Пока машина прыгает по ухабам прифронтовой полосы, поднимая волны грязи и рыча, подполковник достает из кармашка сиденья перед ним заветную фляжку и, не поморщившись, делает пару глотков.
Е.я война. Будь она проклята! Ненавижу!
* * *
Николай Сивко, герой России, не любил воевать. За спиной у него было несколько войн, одна хуже и поганей другой. Другой работы в 45 лет у него все равно не было, и делал он ее профессионально. Но такой войны как здесь он даже представить себе не мог. Да, арта все также работала, солдаты и офицеры также выполняли его приказы, окапывались, шли в разведку, в атаку, убивали, умирали. И стакан водки в сырой палатке по вечерам все так же не шел в горло.
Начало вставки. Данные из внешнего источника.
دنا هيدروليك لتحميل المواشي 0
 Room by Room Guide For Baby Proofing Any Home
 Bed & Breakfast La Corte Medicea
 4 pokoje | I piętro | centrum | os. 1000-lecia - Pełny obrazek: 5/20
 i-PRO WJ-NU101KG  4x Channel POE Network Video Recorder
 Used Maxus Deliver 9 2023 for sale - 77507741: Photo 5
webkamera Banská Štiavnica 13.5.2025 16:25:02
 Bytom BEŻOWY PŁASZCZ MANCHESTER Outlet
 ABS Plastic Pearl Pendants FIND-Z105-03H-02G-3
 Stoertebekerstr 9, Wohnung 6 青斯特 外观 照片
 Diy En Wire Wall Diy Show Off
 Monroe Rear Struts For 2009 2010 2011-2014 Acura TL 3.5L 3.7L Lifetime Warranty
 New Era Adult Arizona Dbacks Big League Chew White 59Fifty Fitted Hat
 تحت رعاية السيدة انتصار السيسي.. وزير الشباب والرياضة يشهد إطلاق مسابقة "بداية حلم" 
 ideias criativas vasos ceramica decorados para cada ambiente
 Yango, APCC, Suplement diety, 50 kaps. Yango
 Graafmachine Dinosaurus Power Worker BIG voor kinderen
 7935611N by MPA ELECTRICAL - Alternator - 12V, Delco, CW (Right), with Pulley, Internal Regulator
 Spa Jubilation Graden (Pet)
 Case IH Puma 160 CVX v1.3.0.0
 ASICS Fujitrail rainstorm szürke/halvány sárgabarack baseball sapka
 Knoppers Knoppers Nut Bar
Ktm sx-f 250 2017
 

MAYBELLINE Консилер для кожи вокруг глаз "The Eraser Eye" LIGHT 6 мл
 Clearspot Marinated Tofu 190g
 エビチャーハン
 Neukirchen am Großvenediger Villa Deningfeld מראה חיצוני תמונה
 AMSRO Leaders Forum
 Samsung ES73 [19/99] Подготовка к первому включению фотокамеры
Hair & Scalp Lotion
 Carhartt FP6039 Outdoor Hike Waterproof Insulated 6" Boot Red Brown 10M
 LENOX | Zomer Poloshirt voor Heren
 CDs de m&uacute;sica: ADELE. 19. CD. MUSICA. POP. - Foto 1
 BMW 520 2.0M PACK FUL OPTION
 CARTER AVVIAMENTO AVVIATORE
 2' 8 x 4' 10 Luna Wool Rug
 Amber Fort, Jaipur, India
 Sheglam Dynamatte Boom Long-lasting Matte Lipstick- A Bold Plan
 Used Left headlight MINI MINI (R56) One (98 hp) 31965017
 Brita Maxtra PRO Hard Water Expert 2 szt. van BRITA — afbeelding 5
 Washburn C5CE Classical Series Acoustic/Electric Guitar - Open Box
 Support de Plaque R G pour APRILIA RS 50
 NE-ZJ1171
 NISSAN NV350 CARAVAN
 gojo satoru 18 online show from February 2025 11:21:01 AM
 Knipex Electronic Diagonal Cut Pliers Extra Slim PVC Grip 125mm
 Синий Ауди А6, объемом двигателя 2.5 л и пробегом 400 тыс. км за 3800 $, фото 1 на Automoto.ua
Но тут, на этой “дурной” войне (самый мягкий эпитет на языке всех его знакомых офицеров) все было по другому с самого начала.
* * *
В жаркий июльский полдень под Саур Могилой, где его бойцы четвертый день вели затяжные стрелковые бои, едва сдерживая превосходящие силы неожиданно перешедших границу российских войск, полковник Савиных, командир десантно-штурмовой бригады СВУ, собирался выслать группу спецназа найти и вернуть в расположение раненого и убитого из его бойцов, ожидая, когда русская арта перестанет работать— разведка утром напоролась на засаду. Они уже час метелили его позиции прямо с российской территории. В основном Град и 152 (мм) гаубицы. Подавлять их арту было строго запрещено.
“Ты, что, Савиных, о-ерел совсем?! Это ж война будет! Война, блядь, а не х-р собачий! Ты понимаешь это, полковник, своей дурной башкой?” орал ему в трубку генерал, так что пыль сыпалась с бетонного перекрытия блиндажа, “У нас АТО, Савиных! Понимаешь, АТО, е-и его мать! Повторяю последний раз для особо, блядь, находчивых! Е-анное АТО! И больше ни х-я! Как понял меня, полкан?”
Полкан понял, что таким макаром от его бригады скоро ни мокрого ни сухого места не останется, но воевать было нужно, АТО или конь в пальто.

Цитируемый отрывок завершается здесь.